その正統な歴史的根拠とは、主イエス・キリストによる直接の任命委託として、教会の宣教を委ねられた、それが12使徒であり、その使徒たちが一致した教会的権威に基づいて、パウロを使徒として任職して、異邦人宣教に遣わしたことです。このように直接に使徒から使徒へ、歴史的客観性をもつって按手によって任職されるという形で、使徒としての務めは確立されました。現代でも監督制度を堅持する教会においては、この按手は二度と修正できない決定的な力と意味を担います。いわば、「一つの、聖なる、公同の(カトリック)、使徒的教会」を地上に写す重要な根拠となっています。この正統な按手と任職を受けたのだから、真の教会がここに受け継がれている、と言うことになります。それは人間による哲学や倫理を超えた「神の客観的事実」となります。プロテスタントでも、この本質は非常に微妙ですが、監督制度を教会の根幹とする聖公会、メソジスト教会でも同じようです。こうした歴史的に直接に使徒から使徒に至る「使徒継承」の上に、歴史的教会としての客観的で実証的な根拠がある、と考えるようです。

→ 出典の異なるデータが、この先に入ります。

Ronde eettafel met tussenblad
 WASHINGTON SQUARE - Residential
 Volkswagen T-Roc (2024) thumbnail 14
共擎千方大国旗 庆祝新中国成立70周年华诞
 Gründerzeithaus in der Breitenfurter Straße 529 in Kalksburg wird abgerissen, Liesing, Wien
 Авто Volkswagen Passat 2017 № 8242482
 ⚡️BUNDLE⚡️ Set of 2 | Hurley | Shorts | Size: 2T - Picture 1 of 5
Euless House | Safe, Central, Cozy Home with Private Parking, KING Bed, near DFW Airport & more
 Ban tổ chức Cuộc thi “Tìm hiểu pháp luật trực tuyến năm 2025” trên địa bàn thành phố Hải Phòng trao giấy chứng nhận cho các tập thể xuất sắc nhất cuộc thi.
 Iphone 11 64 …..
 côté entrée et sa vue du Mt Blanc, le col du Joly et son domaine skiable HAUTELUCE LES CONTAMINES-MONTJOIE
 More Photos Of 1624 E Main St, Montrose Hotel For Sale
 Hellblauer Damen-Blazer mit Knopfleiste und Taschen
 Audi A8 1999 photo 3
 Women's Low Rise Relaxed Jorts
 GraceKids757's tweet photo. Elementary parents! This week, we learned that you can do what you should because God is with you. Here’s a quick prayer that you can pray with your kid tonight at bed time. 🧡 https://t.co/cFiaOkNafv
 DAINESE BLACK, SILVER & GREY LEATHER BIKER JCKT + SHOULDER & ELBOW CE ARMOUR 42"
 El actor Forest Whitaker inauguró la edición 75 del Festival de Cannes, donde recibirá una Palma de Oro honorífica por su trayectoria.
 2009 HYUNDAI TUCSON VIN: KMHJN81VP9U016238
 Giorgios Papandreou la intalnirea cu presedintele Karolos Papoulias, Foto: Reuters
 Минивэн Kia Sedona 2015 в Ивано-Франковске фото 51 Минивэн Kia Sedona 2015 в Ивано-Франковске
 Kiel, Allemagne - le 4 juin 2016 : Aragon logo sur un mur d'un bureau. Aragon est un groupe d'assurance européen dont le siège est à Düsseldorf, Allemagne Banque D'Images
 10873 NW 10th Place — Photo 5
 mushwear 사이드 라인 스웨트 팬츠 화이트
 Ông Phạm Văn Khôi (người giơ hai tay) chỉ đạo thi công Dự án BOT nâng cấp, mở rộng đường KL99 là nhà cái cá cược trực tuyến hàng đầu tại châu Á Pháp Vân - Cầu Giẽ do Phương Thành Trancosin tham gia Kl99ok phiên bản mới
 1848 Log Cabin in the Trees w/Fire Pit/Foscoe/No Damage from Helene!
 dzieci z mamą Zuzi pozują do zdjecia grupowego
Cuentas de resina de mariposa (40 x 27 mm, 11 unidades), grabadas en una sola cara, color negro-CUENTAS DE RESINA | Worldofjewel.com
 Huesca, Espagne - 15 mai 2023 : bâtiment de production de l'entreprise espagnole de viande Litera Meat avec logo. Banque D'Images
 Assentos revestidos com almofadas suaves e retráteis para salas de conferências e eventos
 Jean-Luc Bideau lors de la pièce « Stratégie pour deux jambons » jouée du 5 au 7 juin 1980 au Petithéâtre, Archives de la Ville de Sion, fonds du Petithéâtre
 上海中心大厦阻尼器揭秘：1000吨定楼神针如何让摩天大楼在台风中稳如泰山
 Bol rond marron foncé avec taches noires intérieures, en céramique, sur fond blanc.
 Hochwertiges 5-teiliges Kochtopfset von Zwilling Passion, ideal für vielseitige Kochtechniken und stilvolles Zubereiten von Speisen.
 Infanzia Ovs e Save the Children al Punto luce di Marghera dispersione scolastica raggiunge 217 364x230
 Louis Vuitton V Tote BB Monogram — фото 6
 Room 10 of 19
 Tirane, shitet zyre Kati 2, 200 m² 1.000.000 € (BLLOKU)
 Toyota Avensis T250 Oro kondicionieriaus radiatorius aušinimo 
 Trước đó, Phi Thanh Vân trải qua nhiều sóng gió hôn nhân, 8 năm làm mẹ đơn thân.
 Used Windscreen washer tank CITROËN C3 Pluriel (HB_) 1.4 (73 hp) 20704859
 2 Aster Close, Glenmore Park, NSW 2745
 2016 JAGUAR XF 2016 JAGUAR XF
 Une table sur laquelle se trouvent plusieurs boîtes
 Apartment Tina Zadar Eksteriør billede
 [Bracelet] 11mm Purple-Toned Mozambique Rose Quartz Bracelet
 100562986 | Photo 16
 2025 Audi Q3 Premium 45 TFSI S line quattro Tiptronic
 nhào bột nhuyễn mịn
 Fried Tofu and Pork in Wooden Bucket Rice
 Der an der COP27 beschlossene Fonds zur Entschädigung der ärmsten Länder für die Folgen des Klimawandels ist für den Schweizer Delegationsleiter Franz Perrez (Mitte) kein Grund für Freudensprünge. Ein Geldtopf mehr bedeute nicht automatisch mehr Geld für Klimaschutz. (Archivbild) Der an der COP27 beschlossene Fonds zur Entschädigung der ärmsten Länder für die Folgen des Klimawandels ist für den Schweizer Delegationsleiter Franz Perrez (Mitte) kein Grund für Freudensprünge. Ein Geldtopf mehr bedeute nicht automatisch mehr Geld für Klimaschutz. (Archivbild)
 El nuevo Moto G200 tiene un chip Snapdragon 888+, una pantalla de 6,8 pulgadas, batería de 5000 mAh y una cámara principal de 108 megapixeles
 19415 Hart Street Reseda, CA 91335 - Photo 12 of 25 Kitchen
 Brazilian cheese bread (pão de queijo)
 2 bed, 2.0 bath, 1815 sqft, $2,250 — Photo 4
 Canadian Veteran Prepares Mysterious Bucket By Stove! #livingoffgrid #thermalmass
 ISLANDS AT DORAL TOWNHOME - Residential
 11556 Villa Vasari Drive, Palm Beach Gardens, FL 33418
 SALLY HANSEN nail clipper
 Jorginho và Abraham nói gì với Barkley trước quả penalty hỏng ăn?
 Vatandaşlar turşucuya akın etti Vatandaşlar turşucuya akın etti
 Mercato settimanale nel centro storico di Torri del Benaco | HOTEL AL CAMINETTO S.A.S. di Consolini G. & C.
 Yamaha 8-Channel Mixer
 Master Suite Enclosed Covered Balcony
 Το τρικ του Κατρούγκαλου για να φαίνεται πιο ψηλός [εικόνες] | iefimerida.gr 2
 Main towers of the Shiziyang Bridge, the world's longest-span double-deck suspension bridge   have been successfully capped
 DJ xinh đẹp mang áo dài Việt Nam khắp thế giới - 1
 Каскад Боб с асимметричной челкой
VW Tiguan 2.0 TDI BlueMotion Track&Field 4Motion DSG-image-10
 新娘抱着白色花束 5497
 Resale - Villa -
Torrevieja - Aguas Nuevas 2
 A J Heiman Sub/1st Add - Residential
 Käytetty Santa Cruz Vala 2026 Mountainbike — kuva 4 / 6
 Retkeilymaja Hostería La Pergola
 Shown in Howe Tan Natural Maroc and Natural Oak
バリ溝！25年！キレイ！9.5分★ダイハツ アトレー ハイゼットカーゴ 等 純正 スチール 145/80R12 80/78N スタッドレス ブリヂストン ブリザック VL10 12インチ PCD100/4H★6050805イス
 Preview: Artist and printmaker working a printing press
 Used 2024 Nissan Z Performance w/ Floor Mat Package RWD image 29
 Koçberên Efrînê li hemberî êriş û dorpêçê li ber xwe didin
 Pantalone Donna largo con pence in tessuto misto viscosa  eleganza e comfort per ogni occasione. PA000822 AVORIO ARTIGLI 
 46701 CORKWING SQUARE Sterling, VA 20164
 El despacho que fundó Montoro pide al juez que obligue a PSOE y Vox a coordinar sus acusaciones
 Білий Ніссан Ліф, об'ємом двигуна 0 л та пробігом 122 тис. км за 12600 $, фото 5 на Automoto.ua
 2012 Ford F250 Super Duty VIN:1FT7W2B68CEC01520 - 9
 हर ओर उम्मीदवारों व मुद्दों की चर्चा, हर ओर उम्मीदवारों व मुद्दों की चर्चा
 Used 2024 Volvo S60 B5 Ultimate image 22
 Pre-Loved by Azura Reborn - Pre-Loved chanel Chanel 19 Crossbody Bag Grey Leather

これに対して、宗教改革者ルターは、教職や牧師の務めに、神のみことばの奉仕者(ministerium verbi divini)であることを徹底して求めました。主人は「神のことば」であり奴隷は「使徒」であって、その逆転を容認しませんでした。逆転とは、本来の奉仕者(奴隷)が主人に取って代わり、神のことばを意味を決定し、サクラメントの実質を変化させてサクラメントを成立させる力を独占してしまうことです。奴隷として主人に仕える使徒が、福音そのものの管理権を得て、奉仕する仕え人のはずが最高階級の身分に変質した、とローマ教会を批判したのです。福音の「主人」として働くのは、徹頭徹尾、主イエス・キリストお独りであります。長老派や会衆派の教会も使徒継承を教会の根拠とするのではなく、どちらかと言えば、神のことばでる聖書を規範とし、聖書から解釈される信仰に基づいて、教会を論じる傾向が強いと言えます。使徒から使徒への直接的な使徒継承という歴史的根拠から教会の根拠を語らず、教理的な信仰の継承によって、教会の根拠を見出そうとする立場です。その結果、聖書を規範とする規範とし、信仰告白を規範とされた規範と規定して、教会の根拠の明らかにしようとしました。但し、問題は、逐語霊感説を排除して、やはり聖書を人間が解釈するのですから、人間の側の主観的な「信仰」解釈に依存することとなり、解釈の多様化は教会の分裂を引き起こし、最終的には教会はその根拠を失いかねないという危機を内包しています。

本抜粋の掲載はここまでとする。